Exercise description
Filter on the word "Vintage": copy each matching line from the listing below.

Exercise input

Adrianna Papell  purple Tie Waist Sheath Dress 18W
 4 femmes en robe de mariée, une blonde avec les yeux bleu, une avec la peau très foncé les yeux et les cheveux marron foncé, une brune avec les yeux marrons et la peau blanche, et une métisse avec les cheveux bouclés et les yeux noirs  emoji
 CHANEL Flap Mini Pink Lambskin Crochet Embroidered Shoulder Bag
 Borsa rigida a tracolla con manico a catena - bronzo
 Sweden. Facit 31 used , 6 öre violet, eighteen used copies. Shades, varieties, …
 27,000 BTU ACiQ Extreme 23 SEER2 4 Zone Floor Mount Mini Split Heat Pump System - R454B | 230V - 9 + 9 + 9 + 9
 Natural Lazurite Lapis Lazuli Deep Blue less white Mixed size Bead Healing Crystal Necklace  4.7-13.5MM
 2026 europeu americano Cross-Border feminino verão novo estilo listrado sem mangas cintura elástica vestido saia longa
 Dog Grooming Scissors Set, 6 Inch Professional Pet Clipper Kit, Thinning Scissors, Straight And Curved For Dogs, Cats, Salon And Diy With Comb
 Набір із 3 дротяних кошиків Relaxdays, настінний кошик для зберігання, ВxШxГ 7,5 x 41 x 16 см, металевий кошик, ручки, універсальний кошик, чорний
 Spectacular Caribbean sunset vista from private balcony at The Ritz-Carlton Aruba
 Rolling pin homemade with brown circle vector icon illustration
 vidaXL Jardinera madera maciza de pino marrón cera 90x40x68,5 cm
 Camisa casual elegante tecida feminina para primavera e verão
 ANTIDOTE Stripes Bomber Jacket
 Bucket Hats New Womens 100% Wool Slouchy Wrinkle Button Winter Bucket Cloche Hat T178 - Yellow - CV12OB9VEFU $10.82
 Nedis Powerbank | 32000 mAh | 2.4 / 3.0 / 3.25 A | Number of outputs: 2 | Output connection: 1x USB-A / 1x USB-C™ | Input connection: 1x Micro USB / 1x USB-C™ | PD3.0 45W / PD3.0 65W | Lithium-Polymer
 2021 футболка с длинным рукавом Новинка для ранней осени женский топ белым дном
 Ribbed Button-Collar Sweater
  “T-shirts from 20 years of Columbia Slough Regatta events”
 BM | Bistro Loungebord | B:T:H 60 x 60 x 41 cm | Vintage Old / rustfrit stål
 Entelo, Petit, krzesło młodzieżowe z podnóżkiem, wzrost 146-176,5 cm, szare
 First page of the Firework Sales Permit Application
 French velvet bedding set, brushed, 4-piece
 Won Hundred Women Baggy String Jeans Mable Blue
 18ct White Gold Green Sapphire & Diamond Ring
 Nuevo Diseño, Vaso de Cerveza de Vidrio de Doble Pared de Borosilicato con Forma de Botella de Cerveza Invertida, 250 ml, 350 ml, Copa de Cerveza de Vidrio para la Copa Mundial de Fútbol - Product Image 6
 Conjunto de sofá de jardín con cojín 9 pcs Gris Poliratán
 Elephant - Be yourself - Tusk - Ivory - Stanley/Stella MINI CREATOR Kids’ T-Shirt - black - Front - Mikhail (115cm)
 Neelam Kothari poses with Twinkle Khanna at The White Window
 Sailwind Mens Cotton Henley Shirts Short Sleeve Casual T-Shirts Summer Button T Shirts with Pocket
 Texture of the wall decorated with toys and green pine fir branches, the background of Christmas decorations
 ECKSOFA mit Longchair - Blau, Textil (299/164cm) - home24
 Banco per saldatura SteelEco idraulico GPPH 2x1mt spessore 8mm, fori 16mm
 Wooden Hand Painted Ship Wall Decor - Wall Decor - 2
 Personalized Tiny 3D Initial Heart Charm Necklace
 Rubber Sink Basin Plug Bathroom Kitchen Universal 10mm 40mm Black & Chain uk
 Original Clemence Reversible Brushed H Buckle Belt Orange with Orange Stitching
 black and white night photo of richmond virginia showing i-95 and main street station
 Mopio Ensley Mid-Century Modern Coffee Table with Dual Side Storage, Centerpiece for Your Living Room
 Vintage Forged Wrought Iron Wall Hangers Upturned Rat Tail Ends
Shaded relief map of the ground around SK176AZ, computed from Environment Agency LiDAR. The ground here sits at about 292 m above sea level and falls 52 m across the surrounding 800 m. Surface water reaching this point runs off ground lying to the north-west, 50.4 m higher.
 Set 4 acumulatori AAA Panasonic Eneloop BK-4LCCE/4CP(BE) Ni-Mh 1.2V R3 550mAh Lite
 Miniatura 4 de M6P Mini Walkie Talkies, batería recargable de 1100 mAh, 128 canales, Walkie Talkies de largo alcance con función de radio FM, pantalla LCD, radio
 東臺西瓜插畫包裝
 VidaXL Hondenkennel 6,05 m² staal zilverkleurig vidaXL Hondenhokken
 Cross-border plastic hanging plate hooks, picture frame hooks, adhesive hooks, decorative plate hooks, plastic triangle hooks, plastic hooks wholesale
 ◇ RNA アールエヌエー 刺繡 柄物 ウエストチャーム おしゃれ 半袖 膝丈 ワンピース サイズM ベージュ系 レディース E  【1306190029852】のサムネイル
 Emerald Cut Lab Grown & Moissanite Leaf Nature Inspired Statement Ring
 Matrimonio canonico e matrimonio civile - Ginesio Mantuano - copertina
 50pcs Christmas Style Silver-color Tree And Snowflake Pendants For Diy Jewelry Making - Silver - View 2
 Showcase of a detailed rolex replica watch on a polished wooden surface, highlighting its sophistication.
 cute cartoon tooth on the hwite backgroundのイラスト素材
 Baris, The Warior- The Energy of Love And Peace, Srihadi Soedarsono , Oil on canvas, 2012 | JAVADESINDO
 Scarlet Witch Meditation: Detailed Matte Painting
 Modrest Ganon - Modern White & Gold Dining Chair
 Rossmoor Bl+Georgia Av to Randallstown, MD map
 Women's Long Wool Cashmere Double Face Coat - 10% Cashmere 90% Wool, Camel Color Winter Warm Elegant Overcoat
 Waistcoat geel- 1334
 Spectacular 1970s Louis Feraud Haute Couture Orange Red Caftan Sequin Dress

Completed exercise
 BM | Bistro Loungebord | B:T:H 60 x 60 x 41 cm | Vintage Old / rustfrit stål
 Vintage Forged Wrought Iron Wall Hangers Upturned Rat Tail Ends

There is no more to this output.